In one of the first cases to consider the question of whether force majeure excuses the payment of rent following the outbreak of the COVID-19 pandemic, the United States Bankruptcy Court for the Northern District of Illinois held earlier this month that a lease’s force majeure clause does excuse—at least in part— a tenant’s obligation to pay rent under Illinois law (In re Hitz Restaurant Group, 2020 WL 2924523 (Bankr. N.D. Ill. June 3, 2020)).

In February 2020 (before the pandemic was officially announced), Hitz Restaurant Group (“Hitz”) petitioned for Chapter 11 bankruptcy. Under bankruptcy law, a tenant in possession is required to continue to pay rent due post-petition, and Hitz’s landlord, Kass Management Services, Inc. (“Kass”), filed a motion to enforce Hitz’s rent obligations arising after the petition. Hitz countered that its obligation to pay post-petition rent was excused by the lease’s force majeure clause, which provided:

“Landlord and Tenant shall each be excused from performing its obligations or undertakings provided in this Lease, in the event, but only so long as the performance of any of its obligations are prevented or delayed, retarded or hindered by . . . laws, governmental action or inaction, orders of government . . . .  Lack of money shall not be grounds for Force Majeure” (emphasis added).

On March 16, 2020, Illinois Governor J.B. Pritzker enacted an executive order (“Order”) suspending on-premises consumption of food and beverages at restaurants, among other restrictions, in response to the COVID-19 pandemic sweeping across the United States. Pursuant to Illinois State contract law, a force majeure clause will only excuse contractual performance if the force majeure event was the proximate cause of the nonperformance.  Applying the Order to the terms of the force majeure clause in the lease, Hitz contended the Order was both a government action and an order of government that hindered Hitz’s ability to perform its rent obligations by prohibiting on-premises consumption of food and beverage.

The court agreed, reasoning that the Order was the proximate cause of Hitz’s inability to pay rent because it “prevented [Hitz] from operating normally and restricted its business to take-out, curbside pick-up, and delivery.”  Accordingly, the court held Hitz’s rent obligations were excused in part for the months following the Order, but only in proportion to its reduced ability to generate revenue as a result of the Order; because Hitz was able to operate its business for carry-out and delivery, rent was not excused in its entirety. Hitz estimated 75% of the restaurant was used for dining area and bar which was rendered unusable by the Order, while the remaining 25% of the restaurant was dedicated to the kitchen area that remained useful for carry-out and delivery orders. Therefore, the court reduced Hitz’s rent obligations by 75% for the months after the Order’s imposition. The court indicated monthly rental payments would likely increase as the governmental restrictions gradually lifted.

Kass insisted Hitz’s rent obligations were not excused for three reasons.  First, Kass argued that Hitz was still capable of paying rent despite the pandemic since the banking system was not shut down.  The court found this a “specious” argument and rejected it outright.  Second, Kass argued the lease language clearly stated lack of money is not grounds for force majeure.
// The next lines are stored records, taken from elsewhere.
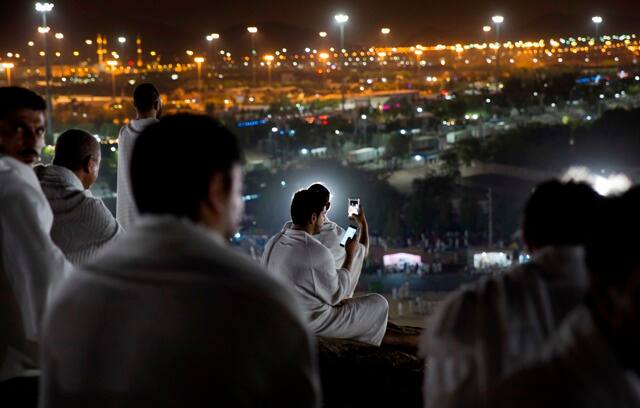 The movement of such a large and diverse crowd of people in a short period of time in limited spaces is a logistical challenge for the Saudi government. Authorities have deployed more than 100,000 security forces to secure the hajj and assist pilgrims. Additional doctors, nurses, ambulances and mobile health centers are also deployed in the areas of hajj. (Photo: AP)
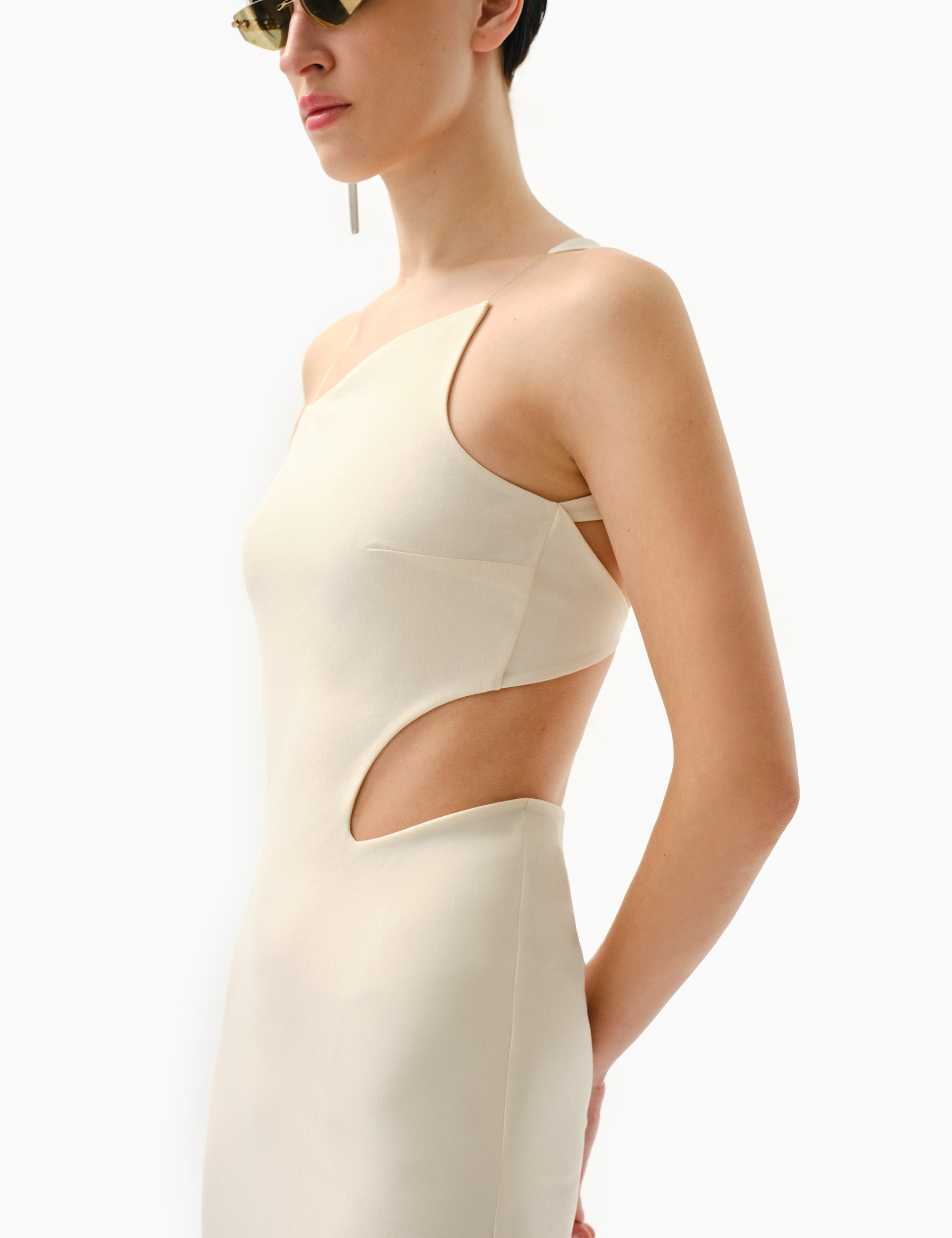 KNTLGY Swan-Inspired Asymmetric Elbise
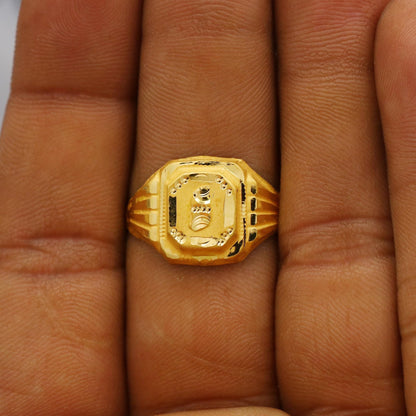 Hand Carved 22k solid gold ring handmade jewelry, Vintage Antique Style Indian Ring, Light Weight Gold Jewelry, K6376
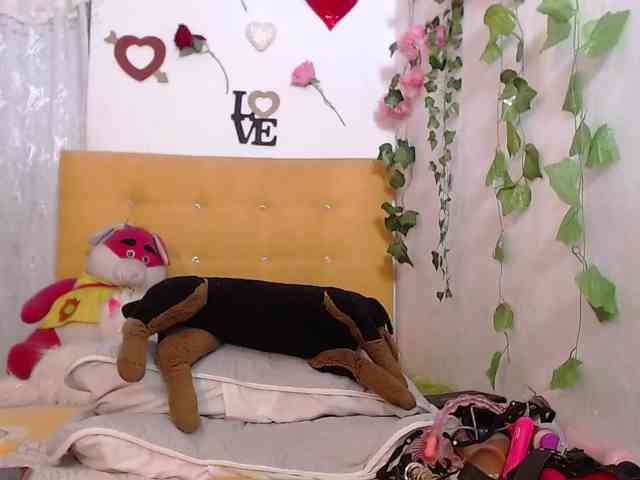 AbenyAnaya webcam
The court also rejected this argument, holding that the government action was the proximate cause of Hitz’s failure to pay rent rather than lack of money, despite Hitz petitioning for bankruptcy well before COVID-19 took the United States by storm. Finally, Kass argued Hitz failed to apply for a loan from the Small Business Administration, thus precluding it from invoking the force majeure clause.  The court rejected this argument as well, since there was nothing in the lease or case law that required Hitz to apply for those funds.

As one of the first decisions applying a lease’s force majeure clause to the governmental restrictions put in place across the nation in response to COVID-19, the In re Hitz Restaurant Group opinion reveals a possible avenue for retail tenants to obtain rent relief under state law—at least in Illinois. But before retailers wave the victory flag, keep in mind that many force majeure clauses contain more favorable language to landlords by directly stating that force majeure events do not excuse the payment of rent (vs. the clause in this case, which merely stated that lack of funds cannot be used to claim force majeure).  Another potential concern for retailers is the court’s statement that “[f]orce majeure clauses in contracts supersede the common law doctrine of impossibility.”  This is welcome news to landlords who worry that tenants may be able to argue that impossibility or frustration of purpose are available defenses in spite of a force majeure clause.  Nevertheless, the first round in the COVID leasing wars goes to the tenants.